Question

Stearic acid $\left[C{H}_3\right(C{H}_2{)}_{16}C{O}_{2}H]$ is a fatty acid. $1.0g$ of stearic acid was burned in a bomb calorimetre. The bomb had a heat capacity of $652J{/}^{\circ }C$. If the temperature of $500g$ water $(c=4.18J/g{}^{\circ }C)$ rose from $25.0to39.3{}^{\circ }C$, how much heat was released when the stearic acid was burned? [Given $C_p\left(H_{2}O\right)=4.18J/g{}^{\circ }C]$

• A. $-39.21kJ$
• B. $-29.91kJ$
• C. $-108kJ$
• D. $-9.32kJ$

Answer 1

The correct option is A $-39.21kJ$

The heat released by reaction of burning of stearic acid in a calorimetre will be used to supplement the heat capacity of bomb calorimeter and to raise the temperature.

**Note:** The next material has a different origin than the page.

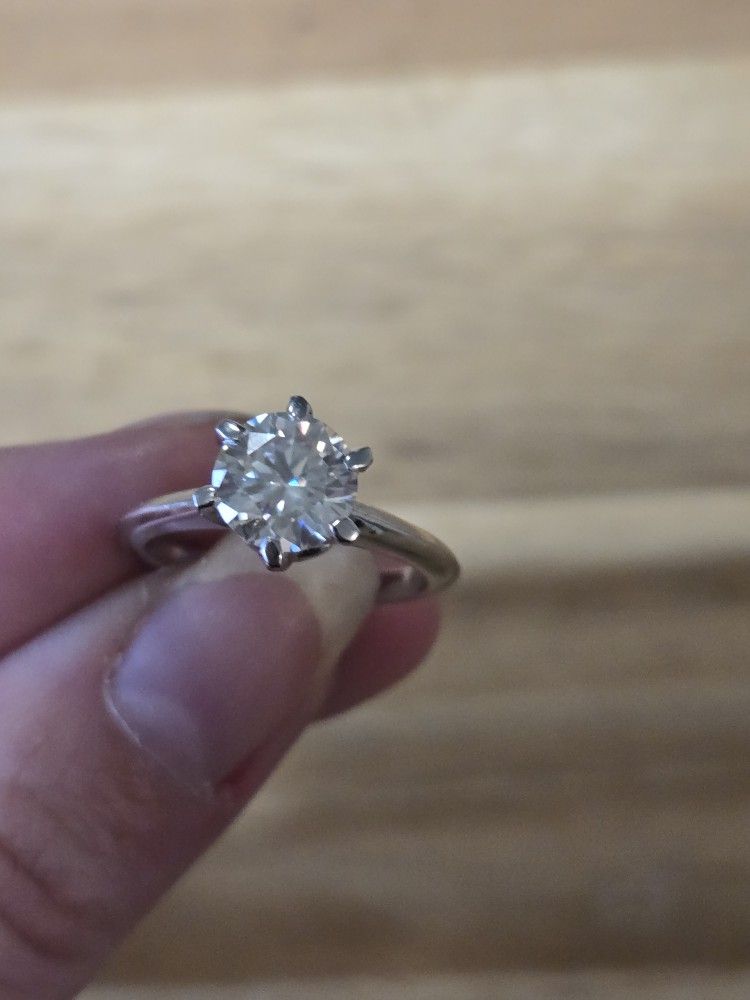 2.08 Ct Golden Round Real Moissanite Solitaire Ring 925 Silver Size 7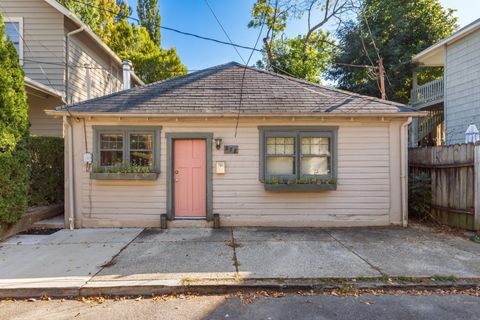 Photo of 878 S Lazelle Street, Columbus, OH 43206 (MLS # 225039429)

So,
$q_{\text{calorimetre}}=q_{\text{bomb}}+q_{\text{water}}$
$q_{\text{calorimetre}}=[\text{Heat capacity of calorimeter}+(m_{\text{water}}\times c\left)\right]△T$
Putting the values we get,
$q_{\text{calorimetre}}=(652+500\times 4.18)\times 14.3$
$=39210Jor39.21kJ$
$\therefore q_{\text{reaction}}=-q_{\text{calorimetre}}=-39.21kJ$